Les PRU ont parfois connu des difficultés dans leur conception et leur application, celles-ci étant souvent liées à un manque de moyens humains et à une absence de "culture de projets" et de coopération au sein de nombreux organismes – avec en première ligne les organismes HLM, maîtres d’ouvrage sur tout le volet social des opérations. Le grand nombre d’opérateurs mobilisés suscite également des problèmes de coordination pour les chefs de projet, avec en conséquence des dépassements de délais. Plus grave, l’ANRU pourrait bientôt rencontrer des problèmes de financement, l’État ayant du mal à tenir ses engagements en la matière (financer la moitié des 12 milliards promis à l’ANRU), et tendant à se décharger du poids financier du PNRU sur ses partenaires, et notamment sur l’autre grand contributeur qu’est l’UESL (Action logement) (13). 

Comment les PRU se traduisent-elles sur le terrain ? Comment les spécificités de chaque quartier sont-elles prises en compte ? Nous allons essayer de répondre à ces questions à travers l’exemple de deux quartiers sensibles strasbourgeois : le quartier Hautepierre et le quartier de la Meinau.
Notes
1. Les Contrats de ville disparaissent officiellement en 2007, remplacés par les CUCS, mais leur rôle avait, de fait, été minimisé dès 2004 suite à la mise en application du PNRU.


2. « Explicitement territoriale, implicitement ethnicisée », dit le sociologue-urbaniste Julien Damon, pour qui la Politique de la ville serait un moyen d’agir sur une « variable cachée » : les populations immigrées qui cumulent les handicaps et se concentrent dans les quartiers sensibles.


3. Les émeutes dans le quartier des Minguettes à Vénissieux en 1981 ont ainsi grandement contribué à accélérer l’institution d’une Politique de la ville conséquente ; de même, les émeutes de banlieues de 2005 expliquent sans doute le relèvement postérieur des objectifs et des moyens du PNRU. Outre ces évènements graves mais ponctuels, la Politique de la ville entend aussi lutter contre l’insécurité quotidienne qui touche parfois les quartiers sensibles. On désigne actuellement le versant urbanistique de cet objectif sous le terme de « résidentialisation ».
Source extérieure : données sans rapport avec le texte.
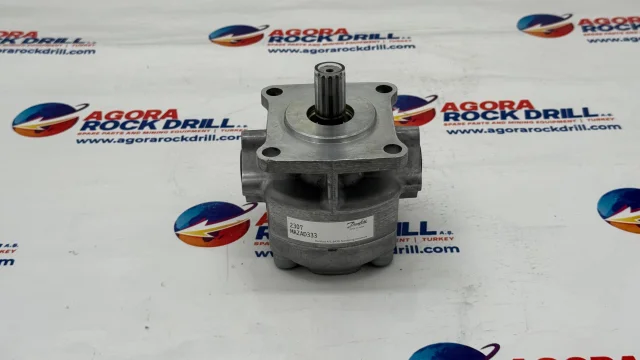 988412-01047 — Hidraulinis variklis | 123Machinery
4. Volonté qui s’exprime à travers la création en 1988 du Comité interministériel des villes (CIV) et de la Délégation interministérielle à la ville (DIV) - aujourd’hui renommée Secrétariat général du CIV.
5. Entre les recensements de 1990 et 1999, les problèmes (notamment le chômage) se sont aggravés dans la grande majorité des Zones urbaines sensibles (ZUS).